In order to signal whether an NAL unit can be truncated or not, the invention then proposes, in a particular embodiment, to reassign the available reserved_bit.

The syntax associated with a header of an SVC NAL unit according to the invention is then defined with reference to FIG. 6.

According to the invention, the indication of possibility of truncation of an SVC NAL unit is produced by using the bit associated with the “reserved_bit” syntax element available in the SVC NAL unit header. This field is renamed “truncation_flag”:

- if the value of the truncation_flag field is 1, then the NAL unit concerned can be truncated in an adaptation operation for the video stream;
- if the value of the truncation_flag field is 0, then the NAL unit concerned cannot be truncated in an adaptation operation for the video stream.

In a particular application, the invention proposes not to directly link the marking of the truncation possibility to the slice type used. In SVC, the following cases are considered:

an NAL unit corresponding to a PR type slice can be truncated;
an NAL unit corresponding to an EI, EP or EB type slice cannot be truncated.

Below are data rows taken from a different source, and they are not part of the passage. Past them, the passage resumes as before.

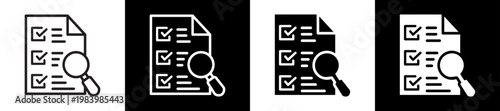 Compliant Line And Glyph Icon In Black White Background    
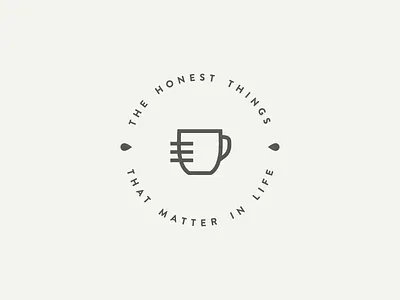 Honest Thoughts badge icon illustration simple typography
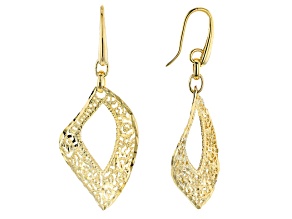 Moda Al Massimo® 18k Yellow Gold Over Bronze Filigree Dangle Earrings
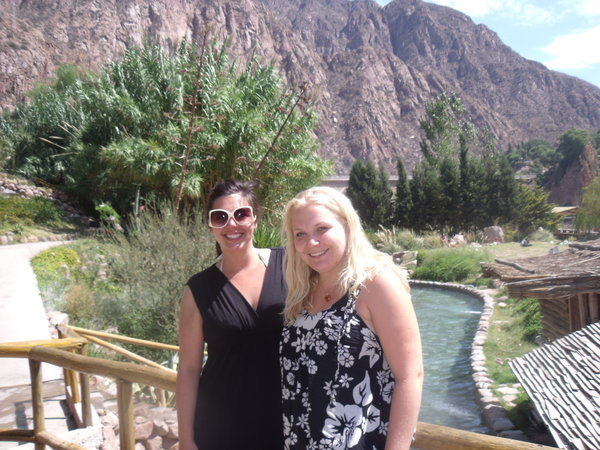 Lauren and me at the thermal spas
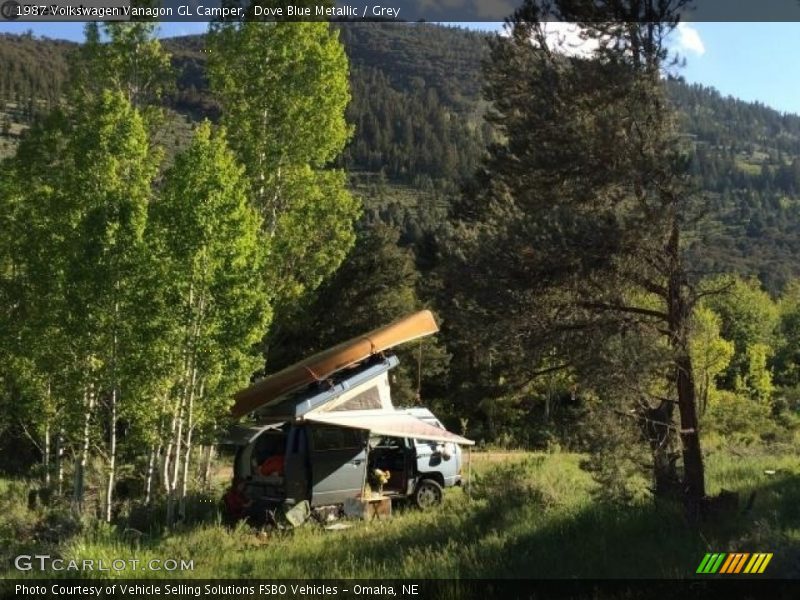  1987 Vanagon GL Camper Dove Blue Metallic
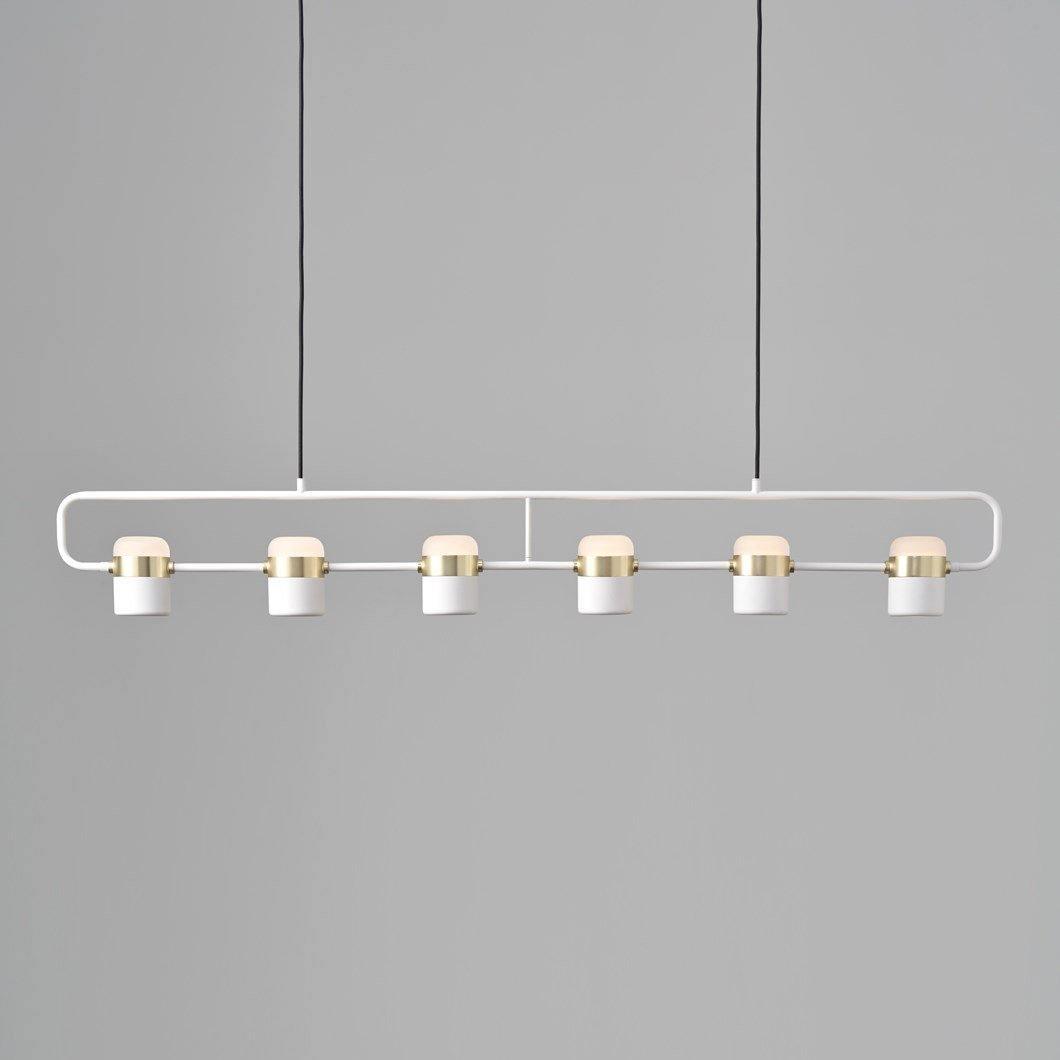 Solara Pendant Lamp Adjustable Glass with Brass - Letslighting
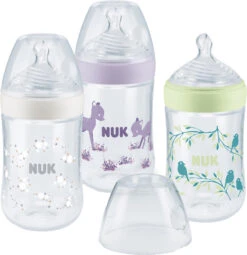 NUK Nature Sense 3er Vorteilspack Girl Mit Temperature Control, 3x Nature...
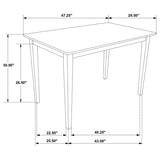 Gomez - 5 Piece Rectangular Dining Table Set - Cappuccino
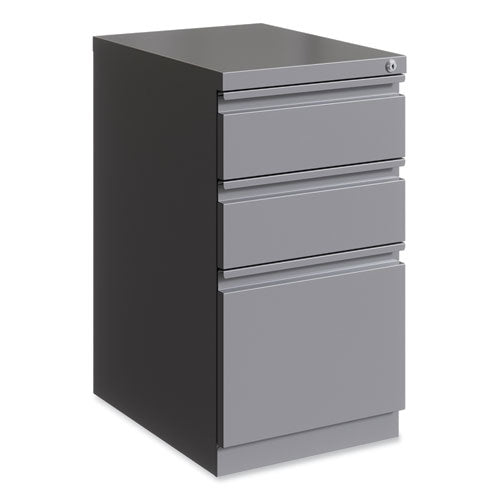 Full-width Pull 20 Deep Mobile Pedestal File, Box/box/file, Letter, Arctic Silver, 15x19.88x27.75,ships In 4-6 Business Days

Thus, it may be necessary using the invention to signal that an NAL unit coded in non-progressive mode can be truncated or even that an NAL unit coded in progressive mode cannot be cut.

Useful indications for controlling the authorized adaptations are given below by way of example:

- cut an NAL unit coded in non-progressive mode if it is too long,
- do not allow an NAL unit coded in progressive mode to be truncated because it is too small, or even because the application context concerned does not take account of NAL unit truncation.

As a variant, this additional bit is inserted into an additional NAL unit in the AU.

Claims

1. A method of coding data in a scalable stream organized in units, wherein an indication is given in the header of an SVC NAL unit as to whether this NAL unit can be truncated or not in an adaptation operation for the scalable stream concerned.

2. The coding method as claimed in claim 1, wherein the indication of the truncation of an SVC NAL unit is produced using the bit associated with the “reserved bit” syntax element available in the SVC NAL unit header.

3. The coding method as claimed in claim 1, wherein the truncation marking is not directly linked to the type of slice used.

4. A device for coding data in a scalable stream organized in units, wherein it comprises means for indicating in the header of an SVC NAL unit whether this NAL unit can be truncated or not in an adaptation operation for the scalable stream concerned.

5. A computer program product comprising program instructions for executing the coding method as claimed in claim 1.

6. A signal comprising data in a scalable stream organized in units, wherein it comprises information in the header of an SVC NAL unit to indicate whether this NAL unit can be truncated or not in an adaptation operation for the scalable stream concerned.